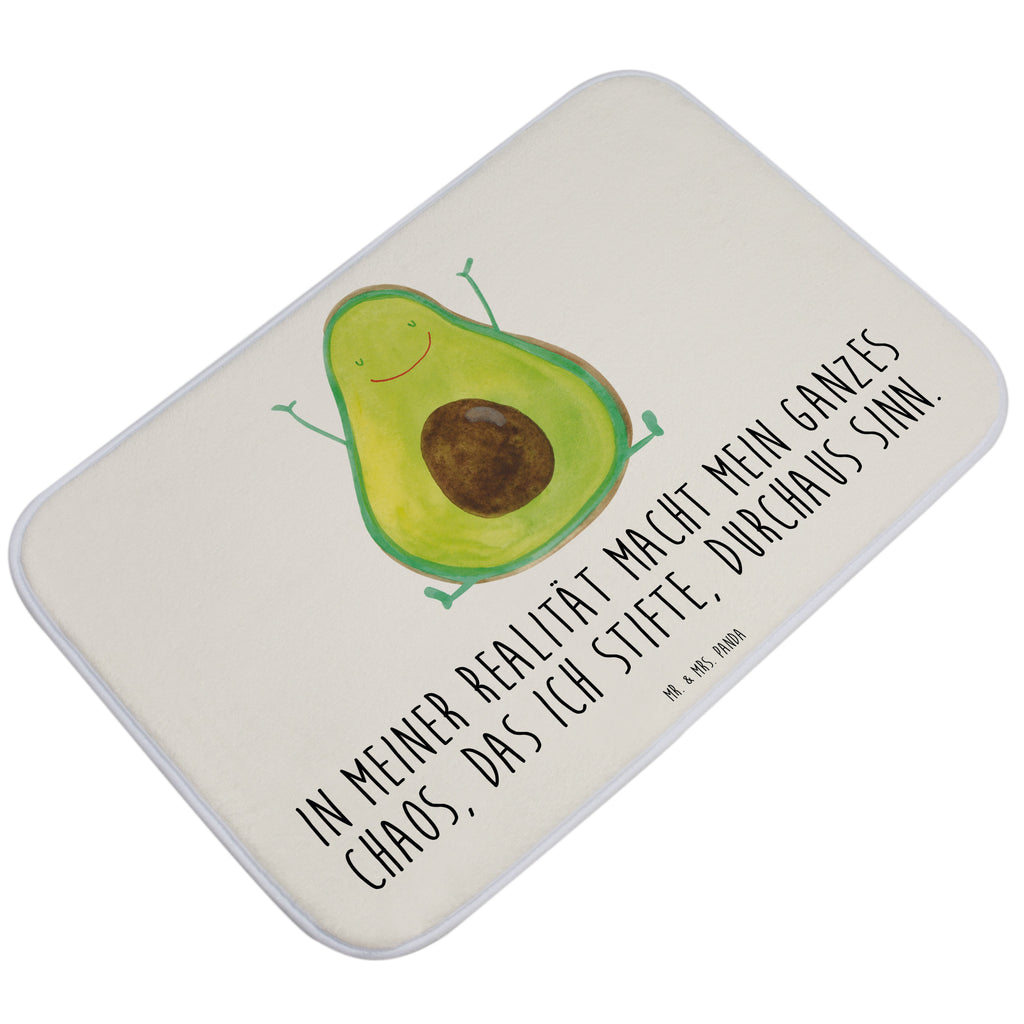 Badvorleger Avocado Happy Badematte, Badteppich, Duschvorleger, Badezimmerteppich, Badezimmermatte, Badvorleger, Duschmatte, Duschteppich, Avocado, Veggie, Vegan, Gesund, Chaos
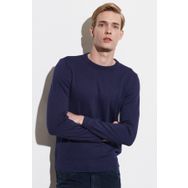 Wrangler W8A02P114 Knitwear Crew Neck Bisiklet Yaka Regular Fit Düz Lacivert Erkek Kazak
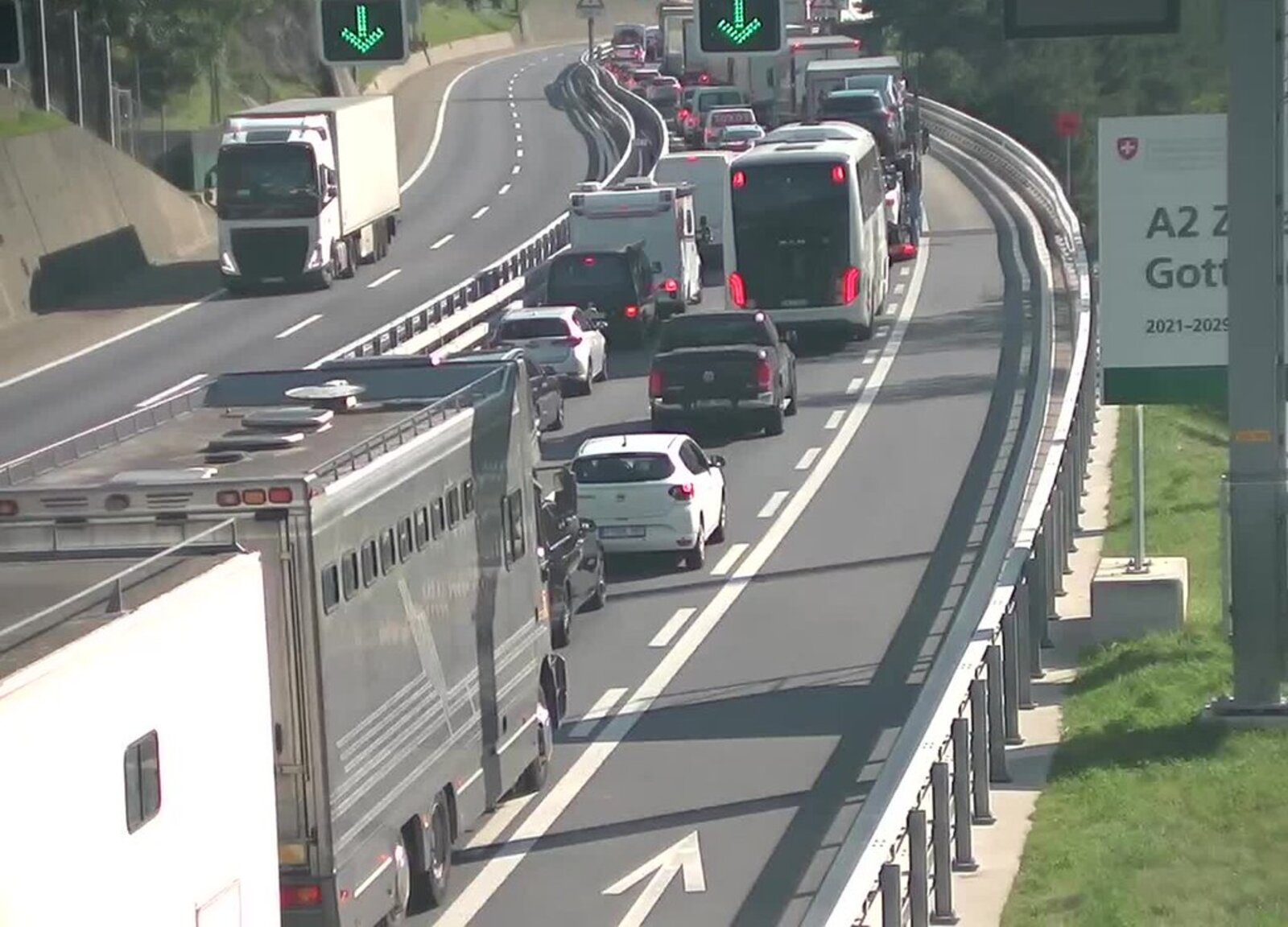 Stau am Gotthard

+===+

From the listing, extract all text exactly as given and drop any picture.

 Badvorleger Avocado Happy Badematte, Badteppich, Duschvorleger, Badezimmerteppich, Badezimmermatte, Badvorleger, Duschmatte, Duschteppich, Avocado, Veggie, Vegan, Gesund, Chaos
 Wrangler W8A02P114 Knitwear Crew Neck Bisiklet Yaka Regular Fit Düz Lacivert Erkek Kazak
 Stau am Gotthard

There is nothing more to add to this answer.